Read, reflect, act.
That is my vision for how we should respond to literature. Therefore I was pleased to see a version of this advice appearing in Ray Bradbury’s Fahrenheit 451. I’m reading Bradbury’s dystopia because I will be leading a discussion of it tom0rrow as part of the National Endowment for the Arts’ Big Read Program.
In the novel fireman Guy Montag, a man responsible for burning any books that have escaped a universal ban, is finding his life agonizingly empty and has sought out an old English professor to learn how books can save him. The professor talks about three steps.
First, one must put oneself in contact with books. As the professor says,
Do you know why books such as this [Montag has brought him a copy of the Bible] are so important? Because they have quality. And what does the word quality mean? To me it means texture. The book has pores. It has features. This book can go under the microscope. You’d find life under the glass, streaming past in infinite profusion. The more pores, the more truthfully recorded details of life per square inch you can get on a sheet of paper, the more “literary” you are. That’s my definition, anyway. Telling detail. Fresh detail. The good writers touch life often. The mediocre ones run a quick hand over her. The bad ones rape her and leave her for the flies.

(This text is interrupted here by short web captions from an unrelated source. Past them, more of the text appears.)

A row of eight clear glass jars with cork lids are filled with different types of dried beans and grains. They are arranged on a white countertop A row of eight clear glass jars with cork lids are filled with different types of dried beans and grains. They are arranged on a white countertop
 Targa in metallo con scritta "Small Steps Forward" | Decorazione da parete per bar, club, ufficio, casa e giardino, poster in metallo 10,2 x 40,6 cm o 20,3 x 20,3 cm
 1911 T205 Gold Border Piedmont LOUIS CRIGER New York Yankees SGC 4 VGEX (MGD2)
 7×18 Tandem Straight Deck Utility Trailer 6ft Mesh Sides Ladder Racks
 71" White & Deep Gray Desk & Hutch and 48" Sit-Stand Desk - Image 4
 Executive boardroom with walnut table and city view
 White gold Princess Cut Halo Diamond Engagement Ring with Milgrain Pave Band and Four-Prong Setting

Next, the professor says, we must digest the book, for which we need leisure time—by which he means time to think, not time to pursue distractions. Unfortunately people seek out other ways to fill their off hours. As he notes, “If you’re not driving a hundred miles an hour, at a clip where you can’t think of anything else but the danger, then you’re playing some game or sitting in some room where you can’t argue with the four-wall televisor.”
(We may not yet be allowed to drive a hundred miles an hour but we now have full-wall televisors–which, as one of Bradbury’s characters points out, makes it hardly necessary to officially ban books. Fahrenheit 451, incidentally, was written in 1953 during the early days of television.)
Finally, we must “carry out actions based on what we learn from the interaction of the first two.”
It should be evident from this website how important I consider the final step. By all means, we should read and reflect, but if we then fail to act on what we’ve learned, we’ve wasted a precious opportunity. Literature is written to have an impact on the world.
I see that Jon Meacham, editor of Newsweek, makes this point in a recent column. After talking about how such people as Barack Obama and Steve Jobs started off at small liberal arts colleges, he writes,
“We need to make sure that the liberal arts prepare people for a good life, not just the good life.”
Meacham talks pragmatically. Training in the liberal arts, he says,
may help us in our search for new innovation and new competitiveness. The next chapter of the nation’s economic life could well be written not only by engineers but by entrepreneurs who as products of an apparently disparate education, have formed a habit of mind that enables them to connect ideas that might otherwise have gone unconnected. As Alan Brinkley, the historian and former provost of Columbia, has argued in our pages, liberal education is a crucial element in the creation of wealth, jobs, and one hopes, a fairer and more just nation.
Meacham is speaking as one who attended a small liberals arts college, the University of the South at Sewanee (he had my father as a teacher there). But Meacham is careful not to say that such learning can only happen at places like Sewanee. It should also be available at large state universities and via on-line learning. Whatever the setting, it’s vital that people get access to it.
Meacham acknowledges that it is “hard to monetize a familiarity with Homer or an intimacy with Shakespeare” but adds that “cutting the liberal arts is a false economy.” He concludes, “if the country is to prosper—economically, culturally, morally—we have to trust in the institutions, old and new, that nurture creativity, and then hope for the best.”
I appreciate Meacham’s trust and will strive to be worthy of it.